Vision also has an important link to growth. Aside from growth being impacted by poorer educational performance, failure to tackle eye health can mean huge work productivity losses. Just one example – a recent trial of Indian tea pickers has shown that the provision of glasses improved their productivity by 21.7 per cent – and for those older than 50 years, 31.6 per cent.

Although not always acted on, it is increasingly recognised that investing in health is an investment in human capital. Nowhere is this truer than in eye health. There is a growing body of evidence demonstrating that cataract surgeries and provision of glasses lead to immediate rewards in terms of work productivity. Further, as in most areas of health, tackling the problem early and in a joined-up way means avoiding worst case scenarios, and reducing cost.

Learning from those countries progressing on eye health within UHC

Some countries such as Rwanda, Vietnam and Philippines are including eye health conditions, diseases and treatments in their social health insurance schemes – this is commendable. It will be important to draw lessons from these examples, and other countries working to integrate eye health, as they progress on UHC and tackle barriers to access.

A failure to radically change the way we do things will have a major and grave impact

Eye health needs to be integrated within health systems and #UHC for efficiencies, effectiveness, and it is the only way to address this problem at scale. This needs to be at all levels from primary to tertiary care.

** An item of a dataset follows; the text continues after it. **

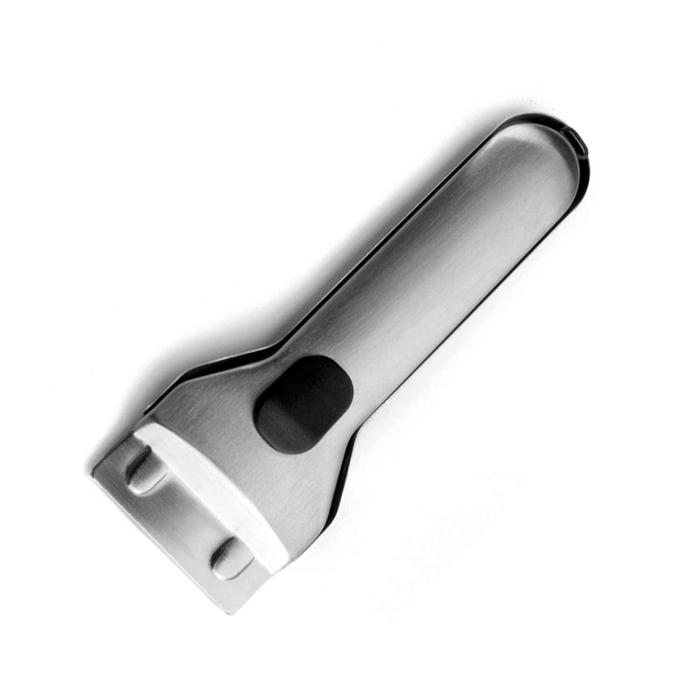 RASPADOR VITROCERAMICA 708200 - IBILI - 8411922074970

All NGOs, governments and all other actors providing eye health have a responsibility to consider the ways they are operating, and take care to focus not only on programmes and projects, but on bringing eye health into the mainstream.

The IAPB alliance is involved within coalitions and across our membership in promoting the right evidence and know-how, and advocating for attention to eye health within universal health coverage at global and national levels. We are constantly seeking opportunities to build partnerships including with allied sectors (like diabetes care or ageing). IAPB is committed to working towards integrating eye health within universal health coverage.